Dear Elizabeth: I’m currently a technical project contributor, but I would like to be a project manager. In my experience, technical leads don’t always have the people skills necessary to manage teams and processes. What soft skills do I need to develop in order to be successful as a project manager? —Climbing the Career Ladder

Dear Climbing: First, congratulations on having clear career goals and knowing where you want to go. Being a project manager is a fantastic career move, if I do say so myself!

I think it’s also great that you are aware that people skills are important. Working on your interpersonal skills, and being aware of what’s needed to succeed as a project manager, will give you a huge advantage when it comes to being interviewed for the job.

So, what sort of skills should you be developing? Here are my top three.

Skill #1: Asking people to do things without being rude, especially when they don’t work for you.

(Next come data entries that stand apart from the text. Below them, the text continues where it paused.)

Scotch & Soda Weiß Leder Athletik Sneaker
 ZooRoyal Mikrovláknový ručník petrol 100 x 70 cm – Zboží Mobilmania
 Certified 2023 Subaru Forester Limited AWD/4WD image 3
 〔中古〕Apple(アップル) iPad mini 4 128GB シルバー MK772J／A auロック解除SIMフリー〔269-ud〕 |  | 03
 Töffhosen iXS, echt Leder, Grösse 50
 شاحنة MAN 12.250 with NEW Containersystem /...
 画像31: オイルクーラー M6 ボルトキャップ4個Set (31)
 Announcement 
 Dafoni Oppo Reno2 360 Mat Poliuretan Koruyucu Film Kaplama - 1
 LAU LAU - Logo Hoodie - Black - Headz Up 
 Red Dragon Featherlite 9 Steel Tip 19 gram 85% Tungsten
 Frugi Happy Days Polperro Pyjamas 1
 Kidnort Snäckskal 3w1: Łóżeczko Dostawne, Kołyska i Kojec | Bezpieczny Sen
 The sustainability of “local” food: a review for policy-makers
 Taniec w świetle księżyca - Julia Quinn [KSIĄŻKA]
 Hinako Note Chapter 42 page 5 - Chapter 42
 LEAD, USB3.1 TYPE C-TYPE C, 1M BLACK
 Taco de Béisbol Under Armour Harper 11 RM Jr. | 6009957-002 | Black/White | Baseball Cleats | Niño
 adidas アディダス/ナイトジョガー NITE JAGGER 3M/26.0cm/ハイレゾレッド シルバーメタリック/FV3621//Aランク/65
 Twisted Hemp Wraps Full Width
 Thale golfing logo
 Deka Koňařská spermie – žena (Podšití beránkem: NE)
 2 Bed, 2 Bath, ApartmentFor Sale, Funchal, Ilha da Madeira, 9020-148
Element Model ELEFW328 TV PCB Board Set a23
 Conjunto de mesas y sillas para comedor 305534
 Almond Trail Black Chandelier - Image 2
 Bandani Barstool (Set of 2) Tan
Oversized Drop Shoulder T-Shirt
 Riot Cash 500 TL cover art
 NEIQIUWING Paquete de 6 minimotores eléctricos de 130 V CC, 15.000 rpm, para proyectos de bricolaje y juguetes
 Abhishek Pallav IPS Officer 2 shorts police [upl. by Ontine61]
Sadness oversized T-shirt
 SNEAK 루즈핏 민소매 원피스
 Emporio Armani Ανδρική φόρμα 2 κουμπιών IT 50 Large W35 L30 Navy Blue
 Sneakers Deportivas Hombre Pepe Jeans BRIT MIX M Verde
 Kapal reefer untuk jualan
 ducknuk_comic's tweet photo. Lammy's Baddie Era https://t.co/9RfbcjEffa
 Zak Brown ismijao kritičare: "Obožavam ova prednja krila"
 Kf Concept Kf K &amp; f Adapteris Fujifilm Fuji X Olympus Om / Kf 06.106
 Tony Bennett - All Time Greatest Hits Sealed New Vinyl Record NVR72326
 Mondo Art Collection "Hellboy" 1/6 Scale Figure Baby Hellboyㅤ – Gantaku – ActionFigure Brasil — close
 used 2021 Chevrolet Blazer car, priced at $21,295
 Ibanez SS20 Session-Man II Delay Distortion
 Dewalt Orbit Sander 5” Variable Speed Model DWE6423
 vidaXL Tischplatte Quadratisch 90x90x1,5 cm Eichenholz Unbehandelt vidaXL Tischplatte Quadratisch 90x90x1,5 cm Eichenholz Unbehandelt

You most likely will work in a matrix environment where the team members on the project have a line manager somewhere else in the business. They won’t work directly for you. Therefore, asking them to do anything is an exercise in tact and negotiation. It’s likely they also have day jobs to keep up with and other project managers asking for their time. Learn how to delegate work and get commitment to deliver tasks without being seen as domineering.

Skill #2: Noticing when people are struggling and stepping in to offer just the right amount of help.

No one likes to be micromanaged, but the alternative can be letting your team members get on with their work only to find out they weren’t actually doing anything after all. There is a fine balance between asking for updates to the point of annoying your team and leaving them to their own devices.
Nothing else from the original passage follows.